▶ Exercise data:
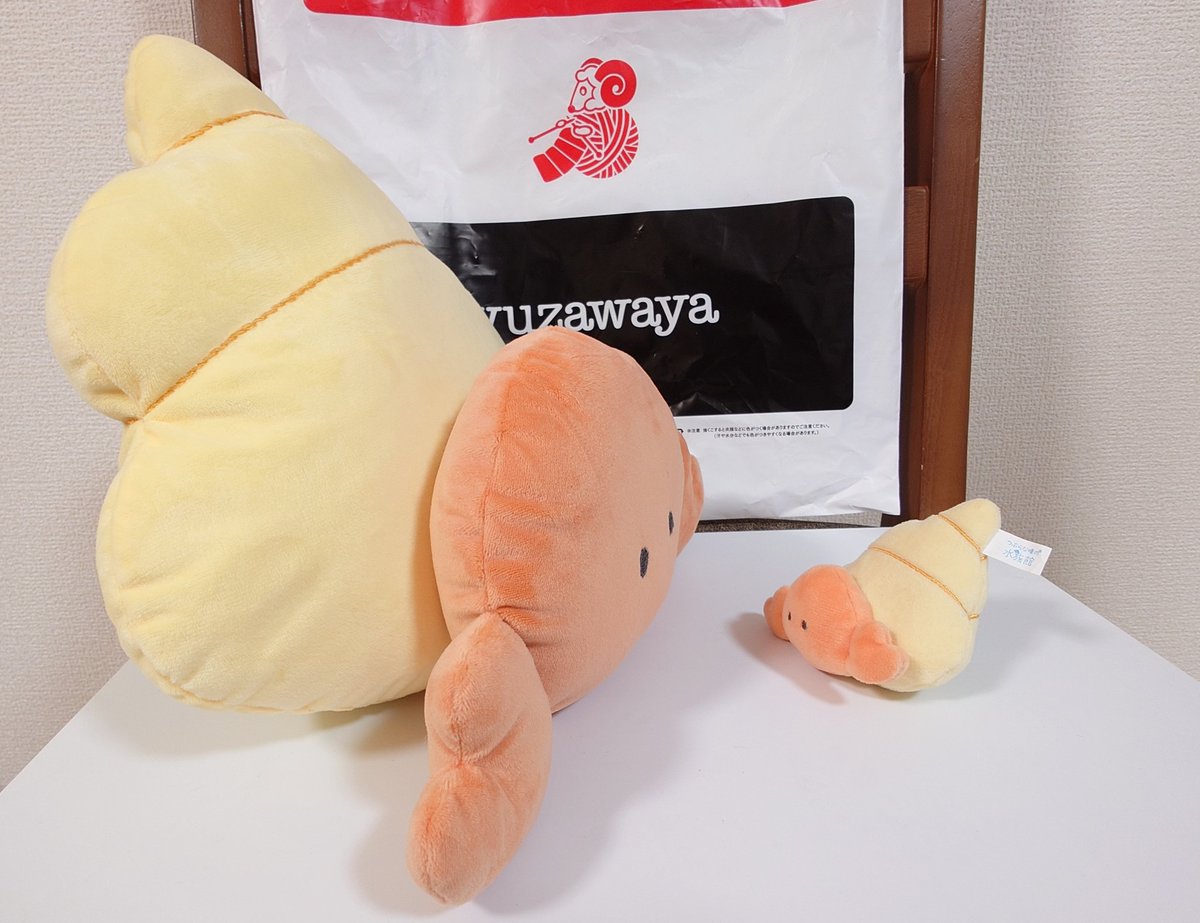 godBucho's tweet photo. つぶらな瞳の水族館 やどかり
すこしおっきめ ぬいぐるみ を自作しました！！🐚🦀
#つぶらな瞳の仲間達 #つぶ活 #つぶらー https://t.co/HLrXVe81dg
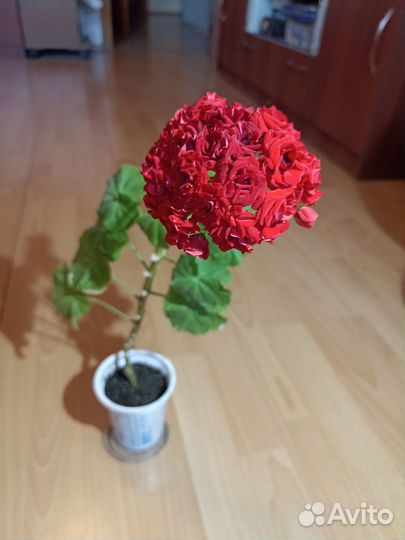 Пеларгония-герань розебудная. колерия красный цвет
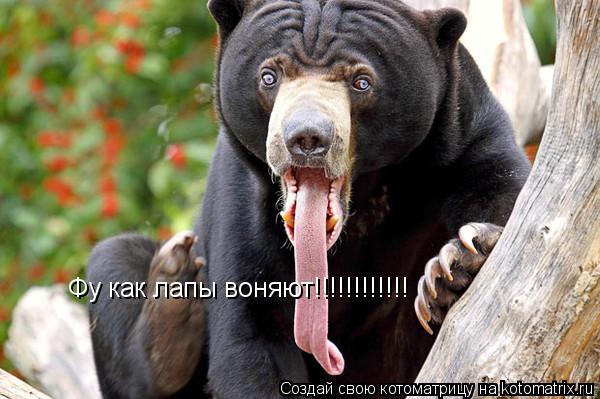 Фу как лапы воняют!!!!!!!!!!!!... Котоматрица: Фу как лапы воняют!!!!!!!!!!!!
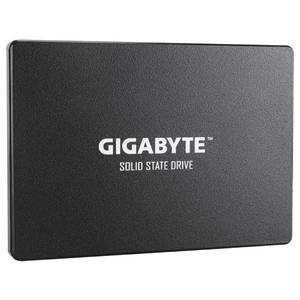 SSD Gigabyte 256GB GP-GSTFS31256GTND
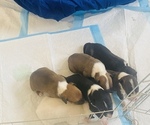 Small Photo #6 Bull Terrier Puppy For Sale in KENNEWICK, WA, USA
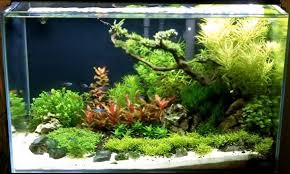 Best Aquarium Light Timer Lights Timer Aquarium Lighting Aquarium
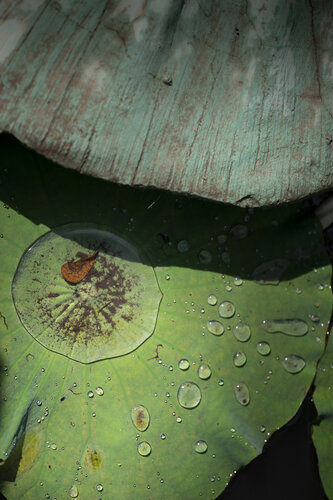 The Unexpected di Janine Müller, Fotografia in vendita su Singulart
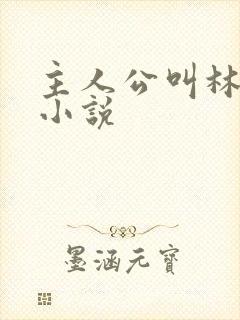 主人公叫林凡的小说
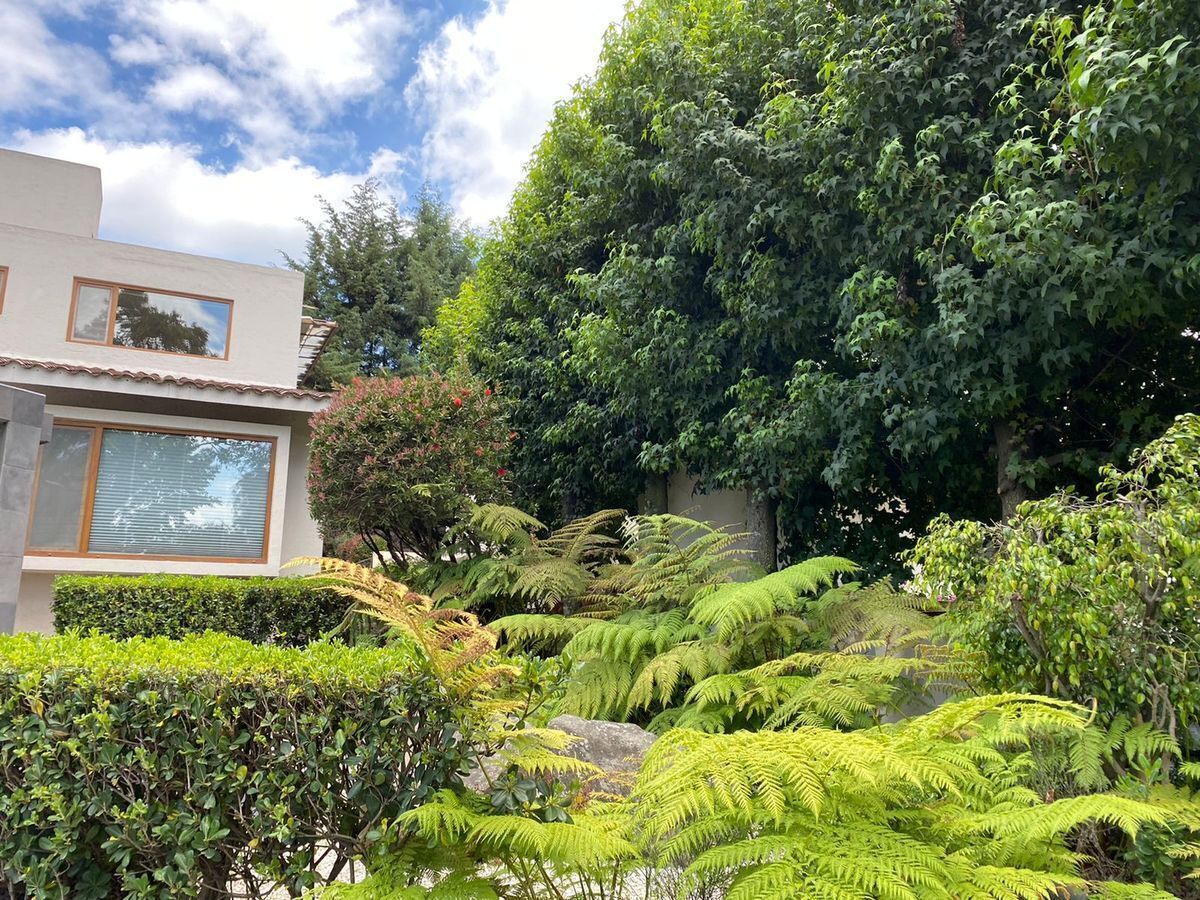 3 de 27: Jardín frontal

▶ Exercise goal:
Everything from the line containing "Пеларгония-герань розебудная. колерия" to the last line of the records above should be reproduced exactly, except the pictures.

▶ Solution:
 Пеларгония-герань розебудная. колерия красный цвет
 Фу как лапы воняют!!!!!!!!!!!!... Котоматрица: Фу как лапы воняют!!!!!!!!!!!!
 SSD Gigabyte 256GB GP-GSTFS31256GTND
 Small Photo #6 Bull Terrier Puppy For Sale in KENNEWICK, WA, USA
 Best Aquarium Light Timer Lights Timer Aquarium Lighting Aquarium
 The Unexpected di Janine Müller, Fotografia in vendita su Singulart
 主人公叫林凡的小说
 3 de 27: Jardín frontal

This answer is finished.